Low impact cardio will still get your heart beating fast.
When you run, the less time your feet touch the ground, the better. That causes you to become airborne, so you land hard. It’s hard on joints and takes a toll on the rest of the body. You don’t have to run to get a cardio workout, swim, row, or ride a bike. Use a stationary bike if you’re pregnant to avoid the potential of falling.
You need to include a cardio workout as part of a complete fitness program.
Running is just one way to get your cardio, but your feet slapping against the ground every mile can take a toll on your joints. Try jumping jacks without the jump, just stepping side to side, or something as simple as walking. Ride a stationary bike. If you have knee problems, put the setting on a lower resistance level. You can help lubricate the joints without increasing stress. Improving circulation provides maximum benefits without additional joint stress.
Low-impact exercises can improve strength.
Not only does the movement help lubricate the joints, but it also improves muscle and ligament strength to protect the joints. Strength-building workouts do that and most are low-impact. You can use bodyweight exercises, resistance bands, or weights to build muscle. For instance, lunges are beneficial if you do them correctly and have hip strength so your knees don’t push out too far. Do a clamshell to help with that problem. Until you build more hip strength, do a modified lunge. Start with one foot forward and just lower and raise your body, without moving your feet.
Get relief from the heat while you build your muscles with aquatic exercises.

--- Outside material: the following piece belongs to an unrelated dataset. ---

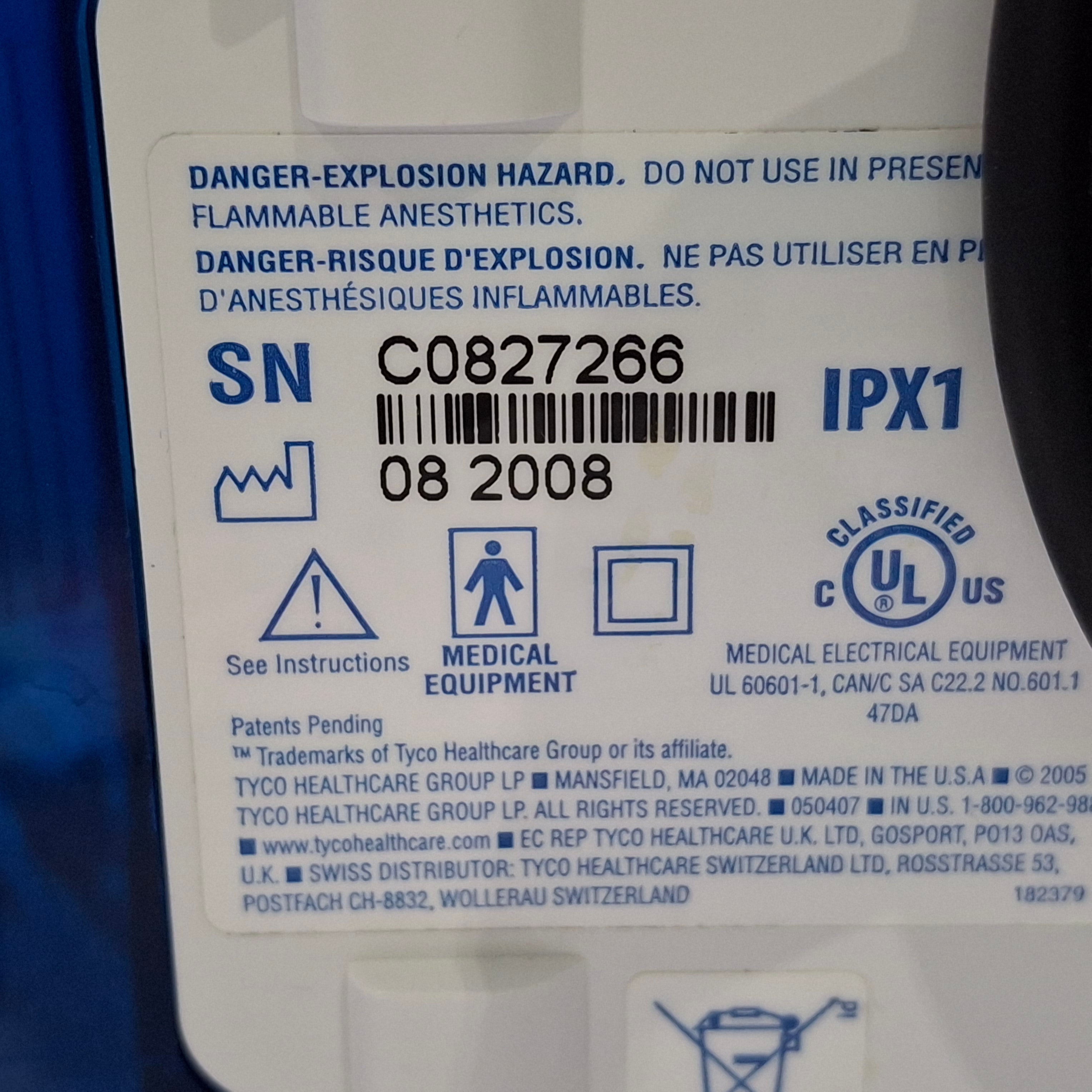 Covidien Kangaroo ePump Enteral Feeding Pump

Exercising in a pool provides extra resistance while preventing stress on the joints. Even ordinary walking is more taxing on the body. There’s 12 times more strength-building resistance doing an exercise in water than doing the same exercises on dry land. Almost any high-impact exercise becomes a low-impact one when you do them in a pool. For instance, traditional jumping jacks switch from high-impact to low-impact when you do them with your body in water.
- Do jumping jacks but omit the jump. Just step to the side as you raise your arms and clap your hands above your head and as you lower your hands, step back into starting position. Alternate the leg that steps outward.
- Squats are another low-impact exercise you can modify to work different muscle groups. Widen your stance when you squat or narrow it to work muscles on several planes and other muscle groups.
- Stretching is low-impact, plus a good way for everyone to warm up and loosen muscles. Some forms of exercise, like tai chi, are a low-impact way to build strength, cardio, and flexibility.
- Always check with your health care professional before doing any type of exercise, especially if you’re pregnant or have a health condition. You may have to modify some exercises or avoid them entirely.